- Opening Delimiter -
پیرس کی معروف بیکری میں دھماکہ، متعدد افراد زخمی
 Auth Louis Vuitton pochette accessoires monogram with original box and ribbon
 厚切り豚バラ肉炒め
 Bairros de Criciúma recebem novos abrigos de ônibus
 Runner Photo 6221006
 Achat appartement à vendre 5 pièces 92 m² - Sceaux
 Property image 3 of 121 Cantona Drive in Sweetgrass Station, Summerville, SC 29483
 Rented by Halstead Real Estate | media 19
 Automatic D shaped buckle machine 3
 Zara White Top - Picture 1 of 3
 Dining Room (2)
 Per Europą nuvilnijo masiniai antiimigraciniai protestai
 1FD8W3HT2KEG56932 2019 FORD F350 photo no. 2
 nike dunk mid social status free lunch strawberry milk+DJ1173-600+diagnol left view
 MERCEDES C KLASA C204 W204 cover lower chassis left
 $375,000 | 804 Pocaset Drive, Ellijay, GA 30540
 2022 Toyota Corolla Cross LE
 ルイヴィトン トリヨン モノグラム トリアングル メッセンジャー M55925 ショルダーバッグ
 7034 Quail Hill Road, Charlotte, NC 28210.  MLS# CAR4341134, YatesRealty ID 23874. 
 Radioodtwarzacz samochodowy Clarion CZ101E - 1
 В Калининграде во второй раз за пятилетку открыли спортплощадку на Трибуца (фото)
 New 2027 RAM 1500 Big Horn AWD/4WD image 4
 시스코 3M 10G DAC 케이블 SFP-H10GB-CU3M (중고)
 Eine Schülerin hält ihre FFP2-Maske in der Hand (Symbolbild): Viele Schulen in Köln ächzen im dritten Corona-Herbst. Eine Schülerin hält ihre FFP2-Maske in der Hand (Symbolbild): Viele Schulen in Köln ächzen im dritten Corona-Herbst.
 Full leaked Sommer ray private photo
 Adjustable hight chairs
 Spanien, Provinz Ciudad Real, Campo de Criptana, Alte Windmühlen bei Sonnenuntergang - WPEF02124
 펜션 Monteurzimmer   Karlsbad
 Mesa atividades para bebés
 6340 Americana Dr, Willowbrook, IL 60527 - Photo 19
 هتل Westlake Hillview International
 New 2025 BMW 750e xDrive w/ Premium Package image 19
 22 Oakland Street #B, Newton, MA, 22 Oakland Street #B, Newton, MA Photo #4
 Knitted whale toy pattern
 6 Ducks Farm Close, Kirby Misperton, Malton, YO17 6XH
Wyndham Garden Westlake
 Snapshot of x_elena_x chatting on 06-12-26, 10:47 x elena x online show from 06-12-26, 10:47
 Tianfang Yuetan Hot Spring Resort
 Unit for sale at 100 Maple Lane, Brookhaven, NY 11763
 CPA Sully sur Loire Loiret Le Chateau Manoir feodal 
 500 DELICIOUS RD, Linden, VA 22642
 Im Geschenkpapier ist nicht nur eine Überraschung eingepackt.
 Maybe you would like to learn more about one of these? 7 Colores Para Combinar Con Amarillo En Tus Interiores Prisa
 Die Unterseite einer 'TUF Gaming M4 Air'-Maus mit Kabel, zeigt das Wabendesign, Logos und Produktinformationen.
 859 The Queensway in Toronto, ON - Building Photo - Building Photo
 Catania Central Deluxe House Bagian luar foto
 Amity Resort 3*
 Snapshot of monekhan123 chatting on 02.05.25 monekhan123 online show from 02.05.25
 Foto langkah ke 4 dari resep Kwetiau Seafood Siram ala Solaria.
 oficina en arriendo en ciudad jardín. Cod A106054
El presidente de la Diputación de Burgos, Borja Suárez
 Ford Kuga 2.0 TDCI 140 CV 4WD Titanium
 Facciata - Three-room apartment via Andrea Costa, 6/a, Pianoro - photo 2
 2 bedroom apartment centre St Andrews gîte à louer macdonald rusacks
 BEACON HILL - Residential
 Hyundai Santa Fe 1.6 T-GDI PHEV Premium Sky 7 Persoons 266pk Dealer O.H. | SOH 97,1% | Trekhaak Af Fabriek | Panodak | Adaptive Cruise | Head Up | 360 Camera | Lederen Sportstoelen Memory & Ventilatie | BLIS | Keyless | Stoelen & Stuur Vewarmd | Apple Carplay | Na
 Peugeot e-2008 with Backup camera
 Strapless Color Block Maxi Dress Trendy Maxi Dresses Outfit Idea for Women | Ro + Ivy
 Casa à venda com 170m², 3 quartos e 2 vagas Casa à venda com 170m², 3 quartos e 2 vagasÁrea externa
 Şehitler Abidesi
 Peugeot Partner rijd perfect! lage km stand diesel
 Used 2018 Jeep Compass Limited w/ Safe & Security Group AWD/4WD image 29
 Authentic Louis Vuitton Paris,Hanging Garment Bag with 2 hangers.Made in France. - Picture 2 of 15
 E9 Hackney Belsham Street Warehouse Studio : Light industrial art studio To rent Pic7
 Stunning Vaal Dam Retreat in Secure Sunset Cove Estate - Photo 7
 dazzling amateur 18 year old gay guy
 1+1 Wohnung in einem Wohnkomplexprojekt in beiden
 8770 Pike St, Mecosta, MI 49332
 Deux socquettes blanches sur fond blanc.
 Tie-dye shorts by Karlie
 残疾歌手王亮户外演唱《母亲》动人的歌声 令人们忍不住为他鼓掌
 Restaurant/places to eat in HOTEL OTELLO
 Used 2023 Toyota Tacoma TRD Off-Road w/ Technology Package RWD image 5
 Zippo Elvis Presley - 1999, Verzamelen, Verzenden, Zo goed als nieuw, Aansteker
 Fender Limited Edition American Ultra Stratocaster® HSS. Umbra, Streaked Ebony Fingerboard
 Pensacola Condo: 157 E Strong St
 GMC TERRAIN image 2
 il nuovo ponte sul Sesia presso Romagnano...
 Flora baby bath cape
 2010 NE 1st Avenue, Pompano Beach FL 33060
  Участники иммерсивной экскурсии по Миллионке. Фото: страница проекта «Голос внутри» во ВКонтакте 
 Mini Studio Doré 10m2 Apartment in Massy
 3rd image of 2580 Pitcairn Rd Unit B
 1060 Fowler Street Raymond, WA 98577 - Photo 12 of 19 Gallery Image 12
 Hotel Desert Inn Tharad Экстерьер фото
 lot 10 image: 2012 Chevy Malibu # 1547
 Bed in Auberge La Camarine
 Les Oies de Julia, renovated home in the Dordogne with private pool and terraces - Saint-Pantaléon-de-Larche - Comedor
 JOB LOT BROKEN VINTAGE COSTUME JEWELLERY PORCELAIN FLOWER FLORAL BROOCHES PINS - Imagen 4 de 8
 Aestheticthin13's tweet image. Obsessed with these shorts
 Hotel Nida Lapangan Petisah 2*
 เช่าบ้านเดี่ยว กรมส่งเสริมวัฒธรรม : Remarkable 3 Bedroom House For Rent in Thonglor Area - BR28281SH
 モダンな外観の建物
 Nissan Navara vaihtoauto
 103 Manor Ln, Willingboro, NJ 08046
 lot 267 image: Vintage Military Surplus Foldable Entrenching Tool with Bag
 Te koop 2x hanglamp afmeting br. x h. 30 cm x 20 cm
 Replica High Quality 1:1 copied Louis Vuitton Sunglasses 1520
- Closing Delimiter -
- The task -
For this task, write out exactly the lines of the entries above, starting at the line with "Tianfang Yuetan Hot Spring Resort" and ending at the line with "BEACON HILL - Residential", both included, and no others.

- Answer section -
 Tianfang Yuetan Hot Spring Resort
 Unit for sale at 100 Maple Lane, Brookhaven, NY 11763
 CPA Sully sur Loire Loiret Le Chateau Manoir feodal 
 500 DELICIOUS RD, Linden, VA 22642
 Im Geschenkpapier ist nicht nur eine Überraschung eingepackt.
 Maybe you would like to learn more about one of these? 7 Colores Para Combinar Con Amarillo En Tus Interiores Prisa
 Die Unterseite einer 'TUF Gaming M4 Air'-Maus mit Kabel, zeigt das Wabendesign, Logos und Produktinformationen.
 859 The Queensway in Toronto, ON - Building Photo - Building Photo
 Catania Central Deluxe House Bagian luar foto
 Amity Resort 3*
 Snapshot of monekhan123 chatting on 02.05.25 monekhan123 online show from 02.05.25
 Foto langkah ke 4 dari resep Kwetiau Seafood Siram ala Solaria.
 oficina en arriendo en ciudad jardín. Cod A106054
El presidente de la Diputación de Burgos, Borja Suárez
 Ford Kuga 2.0 TDCI 140 CV 4WD Titanium
 Facciata - Three-room apartment via Andrea Costa, 6/a, Pianoro - photo 2
 2 bedroom apartment centre St Andrews gîte à louer macdonald rusacks
 BEACON HILL - Residential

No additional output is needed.